As with so many competing theories in our field, we need to have clearly provenanced pieces. These are likely to be found in museums of far away places which I seldom get to these days. Or they might be located in some of the former colonial countries. Or they may reside in the hands of some of our readers who will post them here.

Let's see if anything shows up.

Ian.


Gavin

Ian 23rd February 2017 04:47 PM

Pictures from Oriental Arms site (Part 1)
 
12 Attachment(s)
Hi Gavin:

Thanks again for your thoughts and experience with these swords. Very helpful.

In pursuing my research further, I looked at another online source of some size, namely Artzi Yarom's archives on his Oriental Arms web site. Artzi presently lists some 600 swords he has sold in his Indo-China/China/Tibet grouping. Within his swords I found three (one Burmese, two Thai/Lao) that are of the segmented scabbard type we are describing here and which were not simply plain silver panels on the scabbard (another two Thai/Lao examples had the plain silver panels).
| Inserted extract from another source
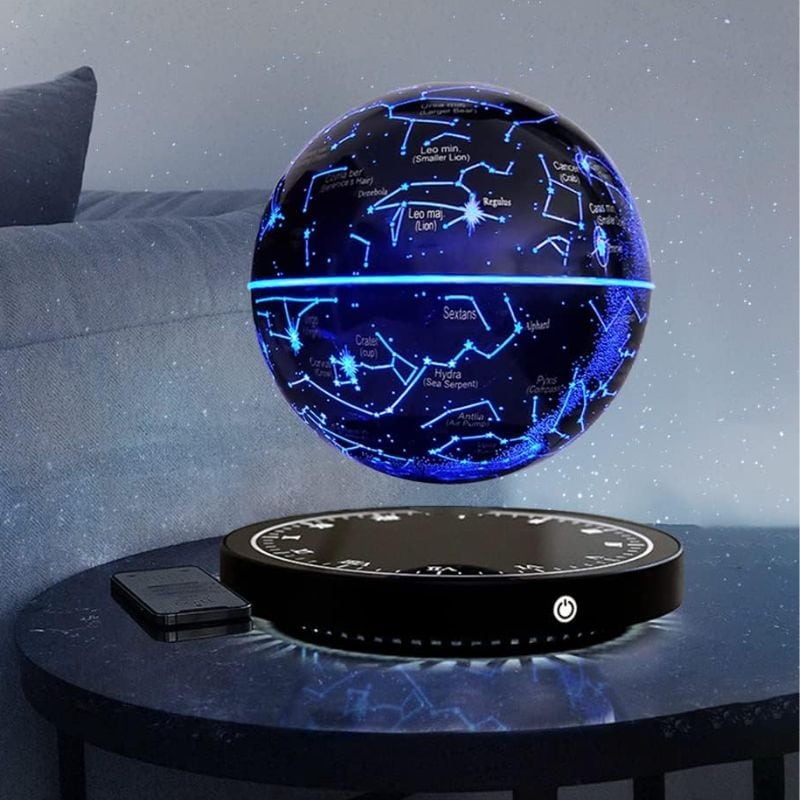Interactive star constellation globe projecting detailed celestial maps onto a spherical surface, perfect for astronomy enthusiasts and educational purposes.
Attached I have copied the pictures from Artzi's site. I did not count the total number of dha/daab on his site, but a fair estimate might be that one in four or one in five of the items (i.e., 120-150) shown were dha/daab; of these about two-thirds had scabbards. An estimate of the sample size from which these segmented scabbard swords was drawn is thus roughly a hundred in total. That gives us an overall prevalence for segmented scabbards of around 3% based on Artzi's collected experience over the last however many years he has been maintaining his site (about 15-20 years I think). I would call that rate of 3% "uncommon" but not "rare."
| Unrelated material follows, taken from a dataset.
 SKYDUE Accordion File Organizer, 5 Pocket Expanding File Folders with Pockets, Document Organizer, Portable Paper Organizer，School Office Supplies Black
When looking at the examples he has on record, I found the two Thai/Lao swords with segmented scabbards appeared to have some age. One has no lotus bud pommel, and the other has a larger, more flamboyant type similar to what is seen on some of the Burmese presentation dha that you referenced. The third example, a Burmese "Story Dha," has a lotus pommel also, which is not particularly large.

The final example from Artzi's site is one of the Thai/Lao swords with an undecorated segmented scabbard. Here the equal lengths of panels is apparent, but there is no engraving or repoussed work on the silver. This might reflect an earlier form of the style, but I have no evidence to support that view.

Would appreciate your thoughts.

Ian.

----------------Attachments-----------------

Thai/Lao daab with segmented scabbard.

Thai/Lao daab with segmented scabbard. Hilt has a large lotus bud pommel.

Burmese "story dha" with segmented scabbard. Hilt has a lotus pommel.